Affrancarsi dalle importazioni energetiche russe, insieme all’attività di accoglienza dei profughi dall’Ucraina e ai negoziati con il Cremlino per il «cessate il fuoco», sta costituendo una delle priorità nell’agenda del nostro Paese. E anche dell’Unione europea. In un clima di crescente tensione per quanto sta avvenendo ad Est, il ministro per la Transizione ecologica Roberto Cingolani ha usato, questa mattina, parole nette: «Noi importiamo dalla Russia ogni anno circa 29 miliardi di metri cubi di gas, poco più del 40%», che «vanno sostituiti: abbiamo condotto un’operazione estremamente anticipata e rapida e, entro la primavera inoltrata, circa 15-16 miliardi di metri cubi saranno rimpiazzati da altri fornitori», rispetto a quelli della Russia, aggiungendo che «stiamo lavorando con impianti nuovi, rigassificazione e contratti a lungo termine, rinforzo delle nostre infrastrutture e, ragionevolmente, in 24-30 mesi» tutto ciò «dovrebbero consentirci di essere completamente indipendenti». Nel corso di un’intervista televisiva, il ministro ha riferito, poi, che «se per qualche motivo, dovesse cessare completamente la fornitura dalla Russia, le nostre riserve attuali e il piano di emergenza ci darebbero un tempo sufficientemente lungo da arrivare alla stagione buona».
Per la metà del 2022, ha proseguito, «installeremo un primo rigassificatore galleggiante. Dal punto di vista ambientale, la quantità di gas è la stessa che bruciamo oggi, può cambiare il metodo, o l’infrastruttura, ma non ne bruceremo di più», ha precisato Cingolani. Nel frattempo, Bruxelles si prepara ad inserire nella dichiarazione di Versailles, che chiuderà il vertice dei leader Ue di giovedì e venerdì, parole chiare sull’autonomia energetica del Vecchio Continente: «Concordiamo – recita la bozza del documento – nell’obiettivo dell’eliminazione della dipendenza da petrolio, gas e carbone importati dalla Russia», mediante «la diversificazione delle forniture, l’accelerazione nello sviluppo delle rinnovabili, il miglioramento delle reti europee di gas e elettricità», nonché con «il rafforzamento del piano d’emergenza energetico».

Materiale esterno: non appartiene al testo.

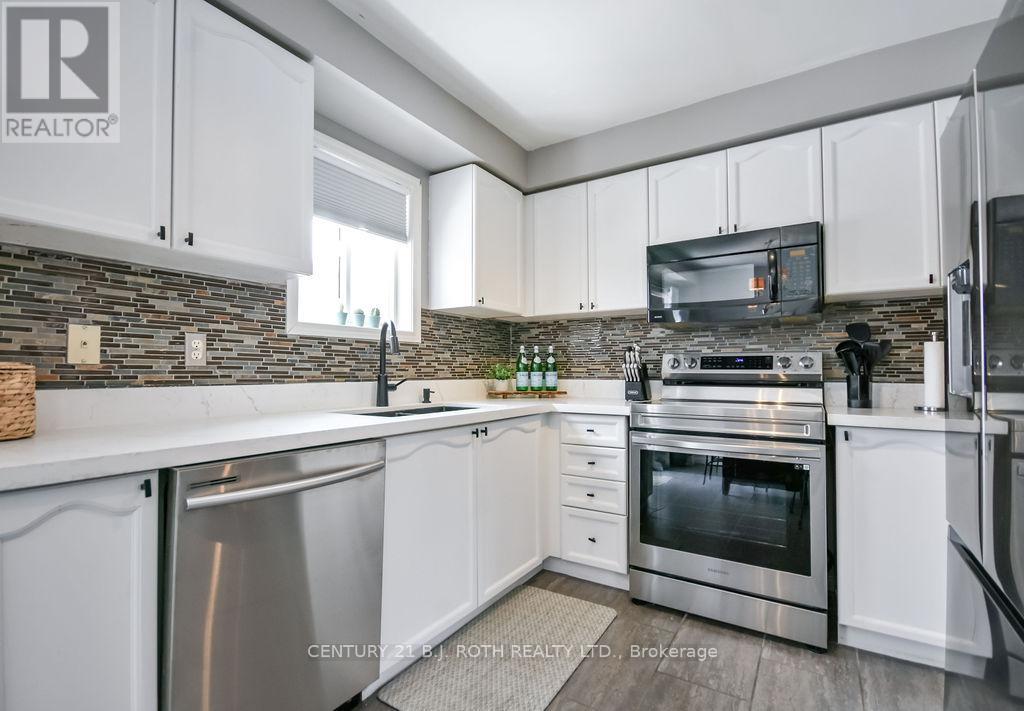 35 Hawthorne Crescent, Barrie, Ontario  L4N 9Y7 - Photo 7 - S12908892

Da Mosca, però, giungono affermazioni che suscitano preoccupazione: «Abbiamo tutto il diritto di prendere una decisione corrispondente e imporre un embargo sul pompaggio di gas attraverso il gasdotto Nord Stream 1», ha detto ha detto il vicepremier Aleksandr Novak, commentando l’ipotesi di un «embargo» inflitto al petrolio russo e la decisione tedesca di congelare l’autorizzazione del Nord Stream 2, il gasdotto gemello al primo che collega la Russia con la Germania.

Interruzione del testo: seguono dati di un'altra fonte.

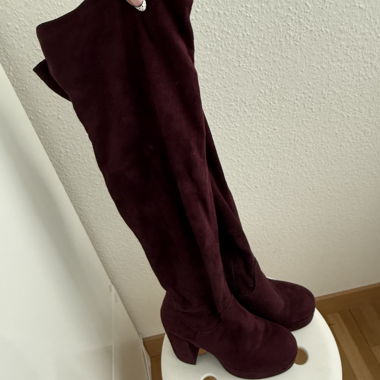 Bordeauxrote hohe Stiefel
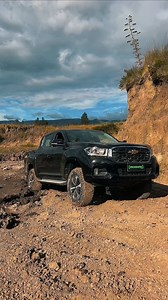 8.8K reactions · 129 shares | ¿No sabes qué significa 2H, 4H y 4L en tu vehículo 4x4? No te preocupes en este reel te enseñamos a utilizar los diferentes modos de tracción a las 4 ruedas. ¿Que otros tip Offroad te gustaría que expliquemos? | Ironman 4x4 Ecuador | Facebook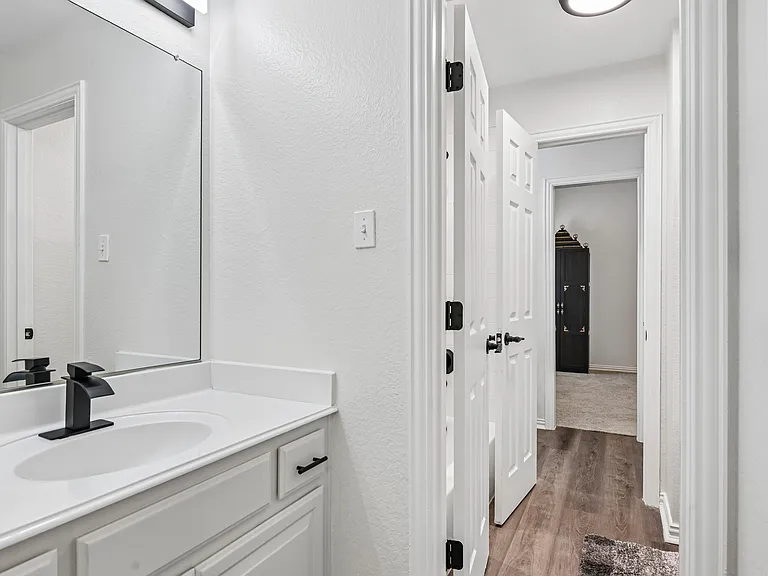 837 Moss Cliff Cir — Photo 19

Infine, una stima sugli effetti dei possibili tagli alle forniture energetiche sulle economie europee arriva da Goldman Sachs: se la Russia bloccasse tutte le esportazioni di gas naturale verso l’Europa, la crescita del Prodotto interno lordo (Pil) dell’area euro diminuirebbe di 2,2 punti percentuali nel 2022, rispetto alle previsioni precedenti al conflitto in Ucraina, «con impatti considerevoli in Germania (-3,4 punti) e in Italia (-2,6 punti percentuali)», scrivono gli analisi della banca d’affari internazionale.